◆ HOW TO COMPLETE THIS TASK ◆
For this exercise, reproduce only the lines from the one holding "Toilets underneath stands" through the final line of the data below, exactly, and omit pictures.

━━━ GIVEN INFORMATION ━━━

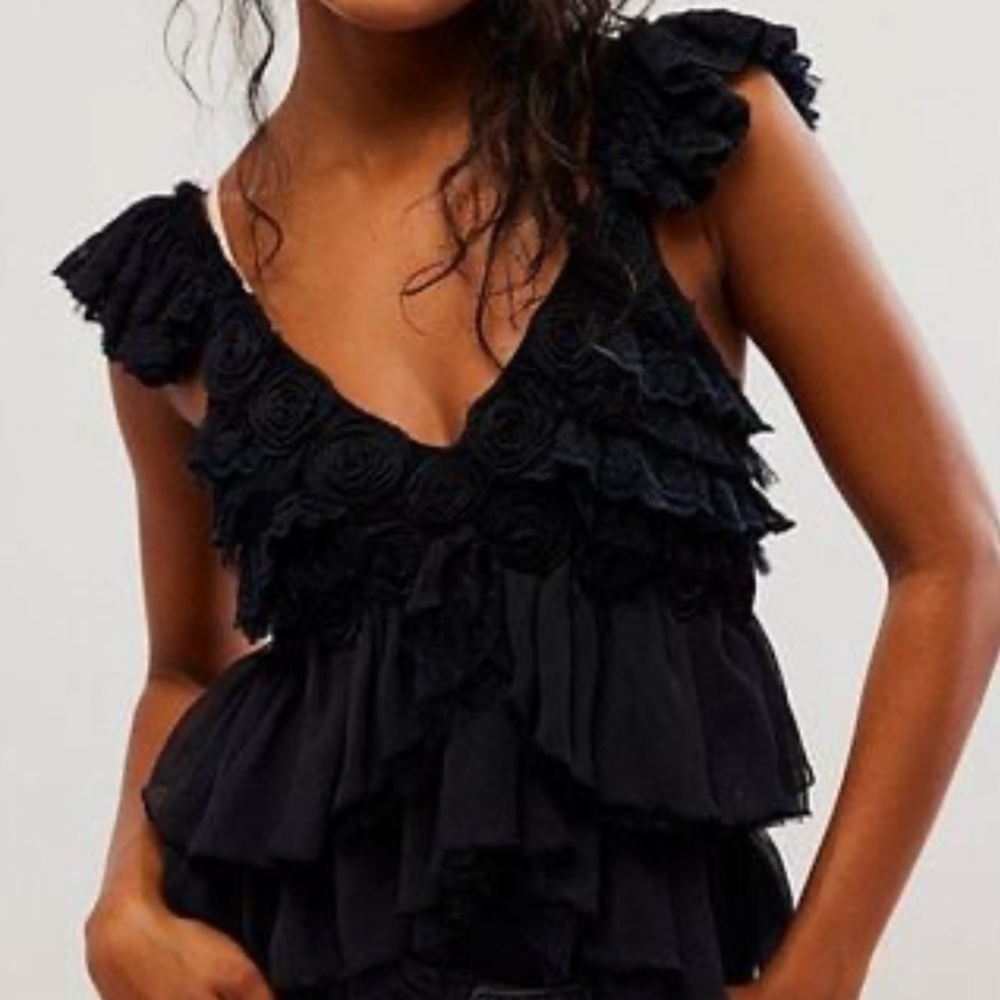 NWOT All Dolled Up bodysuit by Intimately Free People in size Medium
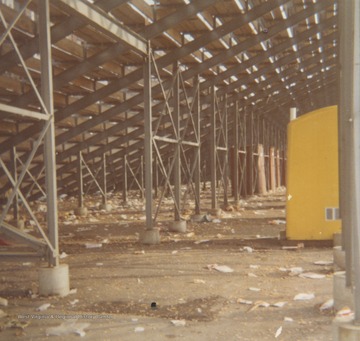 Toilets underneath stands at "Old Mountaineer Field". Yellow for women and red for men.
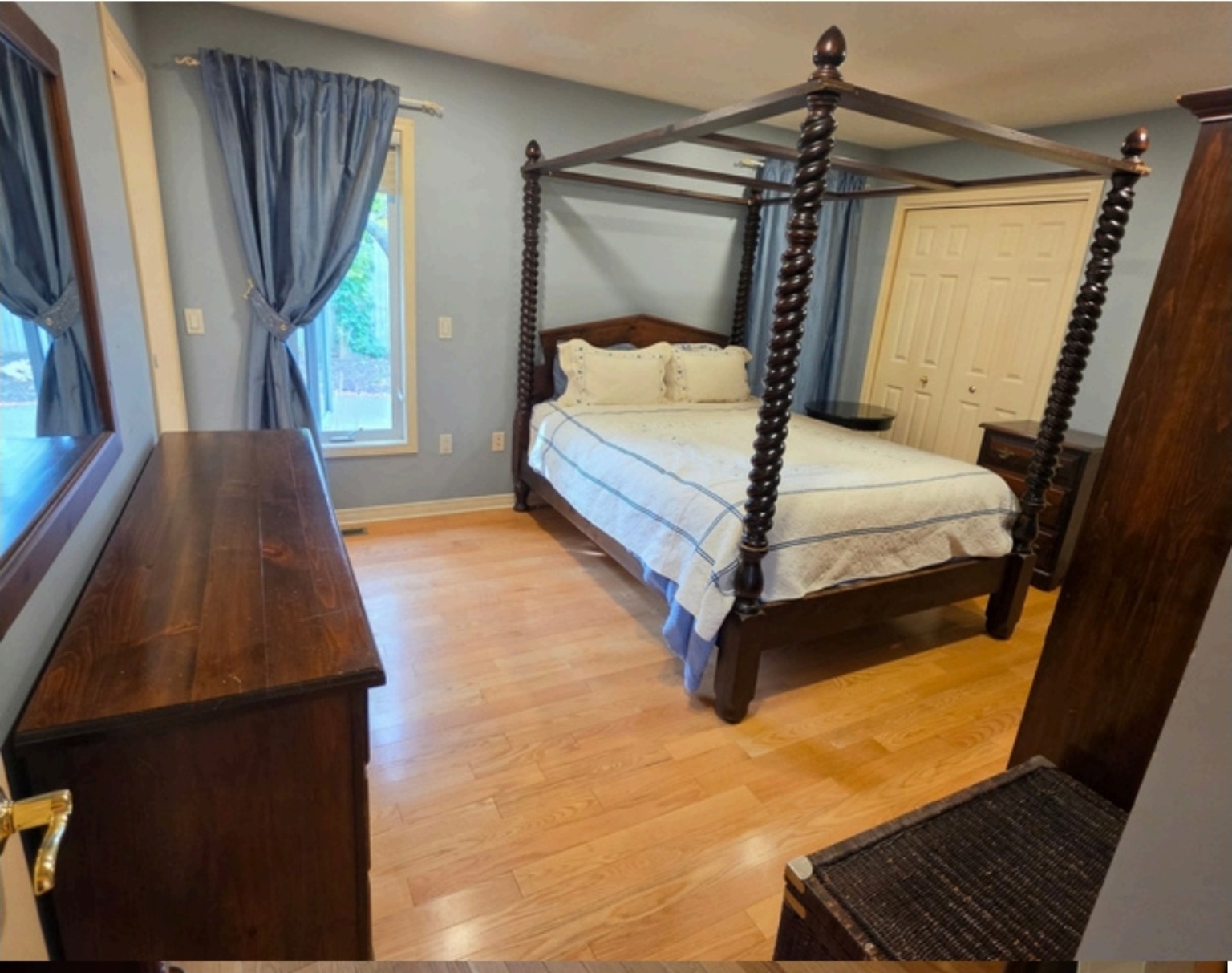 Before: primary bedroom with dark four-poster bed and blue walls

━━━

◆ RESPONSE FOR THIS EXERCISE ◆
 Toilets underneath stands at "Old Mountaineer Field". Yellow for women and red for men.
 Before: primary bedroom with dark four-poster bed and blue walls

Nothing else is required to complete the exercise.